Feature Summary and Revision History

Revision History

Table 1. Revision History
Revision Details Release
UPF supports up to 200 VRFs for private APN/DNN. 2023.02.0
UPF supports up to 129 VRFs for private APN/DNN. 2022.04.0
Support is added for the following functionality:

  • Overlapping IP Pools

  • Removal of mandatory VRF ordering between SMF and UPF

 2021.01.0
First introduced. 2020.02.0

Feature Description

Virtual Routing and Forwarding (VRF) is a technology that allows multiple instances of a routing table to coexist within the same router at the same time. As the routing instances are independent, VRF uses the same or overlapping IP addresses without conflicting with each other.


Note

In 2023.02.0 and later releases, UPF supports up to 200 VRFs for private APN or DNN.

In releases prior to 2023.02.0, UPF supported up to 129 VRFs for private APN or DNN.

In UPF, this feature enables association of IP address pools with VRF. The chunks from this pool are allocated to the UPFs that are configured to use these pools.
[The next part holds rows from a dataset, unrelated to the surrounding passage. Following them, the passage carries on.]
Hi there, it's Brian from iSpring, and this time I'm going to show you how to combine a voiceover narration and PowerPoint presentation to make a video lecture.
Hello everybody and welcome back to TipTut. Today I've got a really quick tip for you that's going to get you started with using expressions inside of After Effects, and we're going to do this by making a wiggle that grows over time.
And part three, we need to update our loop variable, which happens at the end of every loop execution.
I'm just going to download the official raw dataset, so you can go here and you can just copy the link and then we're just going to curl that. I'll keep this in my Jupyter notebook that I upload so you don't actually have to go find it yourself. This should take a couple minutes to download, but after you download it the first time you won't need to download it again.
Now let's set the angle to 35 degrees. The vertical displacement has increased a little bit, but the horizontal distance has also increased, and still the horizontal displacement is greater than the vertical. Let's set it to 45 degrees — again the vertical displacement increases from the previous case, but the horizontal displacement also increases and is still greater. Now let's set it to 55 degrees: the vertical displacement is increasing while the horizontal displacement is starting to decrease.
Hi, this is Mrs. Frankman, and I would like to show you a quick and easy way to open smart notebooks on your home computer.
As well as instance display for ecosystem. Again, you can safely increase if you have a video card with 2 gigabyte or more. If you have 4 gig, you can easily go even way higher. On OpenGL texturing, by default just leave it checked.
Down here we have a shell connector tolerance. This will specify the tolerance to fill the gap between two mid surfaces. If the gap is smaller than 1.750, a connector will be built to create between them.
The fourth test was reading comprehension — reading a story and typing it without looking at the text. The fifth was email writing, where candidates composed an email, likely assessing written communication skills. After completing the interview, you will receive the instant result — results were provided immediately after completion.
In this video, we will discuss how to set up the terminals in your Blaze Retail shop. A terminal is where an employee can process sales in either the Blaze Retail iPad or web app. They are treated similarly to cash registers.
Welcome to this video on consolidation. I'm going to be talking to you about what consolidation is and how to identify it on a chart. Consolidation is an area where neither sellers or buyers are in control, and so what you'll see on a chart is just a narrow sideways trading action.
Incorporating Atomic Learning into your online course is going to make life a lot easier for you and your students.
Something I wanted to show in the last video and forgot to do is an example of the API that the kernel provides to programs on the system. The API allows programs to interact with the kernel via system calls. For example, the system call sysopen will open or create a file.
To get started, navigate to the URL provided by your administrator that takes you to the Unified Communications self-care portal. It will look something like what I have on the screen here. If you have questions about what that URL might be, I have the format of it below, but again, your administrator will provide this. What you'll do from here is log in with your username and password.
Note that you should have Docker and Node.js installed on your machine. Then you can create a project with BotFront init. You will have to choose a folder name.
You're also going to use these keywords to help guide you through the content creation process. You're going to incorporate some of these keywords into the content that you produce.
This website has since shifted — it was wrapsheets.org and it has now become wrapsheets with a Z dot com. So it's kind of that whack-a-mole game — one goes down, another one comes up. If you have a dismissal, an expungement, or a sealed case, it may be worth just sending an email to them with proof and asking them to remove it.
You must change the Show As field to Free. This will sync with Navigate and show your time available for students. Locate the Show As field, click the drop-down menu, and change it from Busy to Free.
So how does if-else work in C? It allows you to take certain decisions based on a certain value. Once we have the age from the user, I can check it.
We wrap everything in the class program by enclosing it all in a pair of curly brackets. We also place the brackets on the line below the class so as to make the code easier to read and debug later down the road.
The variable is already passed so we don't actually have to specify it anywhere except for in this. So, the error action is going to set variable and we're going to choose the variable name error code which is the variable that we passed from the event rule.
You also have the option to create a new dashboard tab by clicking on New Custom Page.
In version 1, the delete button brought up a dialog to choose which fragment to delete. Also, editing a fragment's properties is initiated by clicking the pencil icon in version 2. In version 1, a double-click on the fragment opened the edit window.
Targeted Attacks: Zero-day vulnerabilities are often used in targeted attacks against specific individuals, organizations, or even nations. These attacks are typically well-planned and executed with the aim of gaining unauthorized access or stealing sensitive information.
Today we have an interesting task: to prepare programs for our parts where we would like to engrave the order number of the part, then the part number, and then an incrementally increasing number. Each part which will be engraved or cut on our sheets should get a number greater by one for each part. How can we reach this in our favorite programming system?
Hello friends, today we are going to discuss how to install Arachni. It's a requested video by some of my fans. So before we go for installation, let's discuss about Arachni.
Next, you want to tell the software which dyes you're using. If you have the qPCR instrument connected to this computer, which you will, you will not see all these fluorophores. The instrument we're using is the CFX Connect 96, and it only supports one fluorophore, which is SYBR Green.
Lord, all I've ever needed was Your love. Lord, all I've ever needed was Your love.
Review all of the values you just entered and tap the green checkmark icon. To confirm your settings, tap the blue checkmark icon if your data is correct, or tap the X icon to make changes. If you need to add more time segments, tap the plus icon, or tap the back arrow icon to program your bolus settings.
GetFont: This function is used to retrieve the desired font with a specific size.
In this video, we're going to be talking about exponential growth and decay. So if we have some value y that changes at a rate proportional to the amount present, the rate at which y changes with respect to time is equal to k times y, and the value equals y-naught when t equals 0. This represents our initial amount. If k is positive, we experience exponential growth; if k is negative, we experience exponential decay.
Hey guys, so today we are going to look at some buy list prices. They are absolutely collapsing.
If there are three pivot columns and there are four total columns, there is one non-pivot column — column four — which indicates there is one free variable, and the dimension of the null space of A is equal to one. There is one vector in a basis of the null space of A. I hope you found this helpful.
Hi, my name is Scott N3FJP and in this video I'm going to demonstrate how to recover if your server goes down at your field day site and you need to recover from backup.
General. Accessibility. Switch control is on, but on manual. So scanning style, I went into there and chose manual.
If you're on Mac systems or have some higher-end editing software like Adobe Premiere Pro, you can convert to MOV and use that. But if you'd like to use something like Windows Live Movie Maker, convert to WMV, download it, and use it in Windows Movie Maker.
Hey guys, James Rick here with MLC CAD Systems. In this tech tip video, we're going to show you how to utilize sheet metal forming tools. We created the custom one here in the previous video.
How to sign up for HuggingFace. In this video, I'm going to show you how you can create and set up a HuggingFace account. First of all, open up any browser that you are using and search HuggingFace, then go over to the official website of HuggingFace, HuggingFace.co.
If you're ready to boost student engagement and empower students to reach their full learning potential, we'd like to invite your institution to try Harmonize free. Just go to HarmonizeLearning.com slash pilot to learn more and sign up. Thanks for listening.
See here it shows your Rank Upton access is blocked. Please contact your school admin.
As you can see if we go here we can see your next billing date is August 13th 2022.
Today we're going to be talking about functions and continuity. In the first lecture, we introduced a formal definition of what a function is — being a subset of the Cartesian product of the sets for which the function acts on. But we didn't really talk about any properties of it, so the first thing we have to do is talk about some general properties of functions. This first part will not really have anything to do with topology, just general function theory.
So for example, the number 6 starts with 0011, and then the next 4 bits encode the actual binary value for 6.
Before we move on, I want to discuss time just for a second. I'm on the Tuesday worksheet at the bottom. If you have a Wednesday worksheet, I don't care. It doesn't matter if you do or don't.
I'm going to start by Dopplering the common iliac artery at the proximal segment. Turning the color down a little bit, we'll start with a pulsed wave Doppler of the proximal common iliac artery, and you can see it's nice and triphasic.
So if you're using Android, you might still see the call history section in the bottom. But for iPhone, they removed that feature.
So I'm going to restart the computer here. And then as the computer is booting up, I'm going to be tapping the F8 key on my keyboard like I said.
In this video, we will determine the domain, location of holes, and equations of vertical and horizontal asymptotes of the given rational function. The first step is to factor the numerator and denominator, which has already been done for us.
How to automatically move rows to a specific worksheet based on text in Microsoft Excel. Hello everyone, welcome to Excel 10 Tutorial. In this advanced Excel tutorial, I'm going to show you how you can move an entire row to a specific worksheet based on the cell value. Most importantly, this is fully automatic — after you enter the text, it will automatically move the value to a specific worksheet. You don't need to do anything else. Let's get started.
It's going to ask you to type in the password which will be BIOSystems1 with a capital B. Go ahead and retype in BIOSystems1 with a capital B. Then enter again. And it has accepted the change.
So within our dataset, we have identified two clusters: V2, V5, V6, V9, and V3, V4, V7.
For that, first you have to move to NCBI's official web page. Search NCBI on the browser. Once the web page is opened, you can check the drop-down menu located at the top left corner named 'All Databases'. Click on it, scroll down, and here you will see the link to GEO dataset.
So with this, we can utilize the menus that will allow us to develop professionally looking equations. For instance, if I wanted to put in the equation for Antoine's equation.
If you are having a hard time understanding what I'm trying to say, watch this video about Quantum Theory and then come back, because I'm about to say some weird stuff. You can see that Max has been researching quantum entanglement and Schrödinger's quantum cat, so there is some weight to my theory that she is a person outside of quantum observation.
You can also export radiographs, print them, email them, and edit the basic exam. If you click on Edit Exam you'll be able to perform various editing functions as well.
VRF-associated pools in UPF can be either Static or Private type.

When UPF comes up for registration, the chunks in the PRIVATE VRF pool are allocated similar to the normal private pools. For a Static VRF pool, SMF does chunk allocation to UPF during configuration. An Sx-Route-Update message is sent for pre-allocated static chunks during UPF registration.

Overlapping IP Pool

Overlapping pools share and use an IP address range. Overlapping pools can either be of Static or Private type. Public pools cannot be configured as overlapping pools. Each overlapping pool is part of a different VRF (routing domain) and pool-group. Since an APN can use only one pool-group, overlapping pools are part of different APNs.

Without this functionality, overlapping pools are configured at SMF. However, chunks from two overlapping pools cannot be sent to the same UPF. That is, the UPF cannot handle chunks from two different overlapping pools. Same number of UPFs and overlapping pools are required for sharing the same IP address range.

With this functionality, UPF handles chunks from two different overlapping pools. So, a single UPF can handle any number of overlapping pools sharing the same IP range.

The functionality of overlapping pools in the same UPF includes:

  • When a chunk from a particular pool is installed on UPF, its corresponding vrf-name is sent along with the chunk.

  • The UPFs are VRF-aware of the chunks and install chunks on the corresponding VRFs. The chunk database is populated under VRFs.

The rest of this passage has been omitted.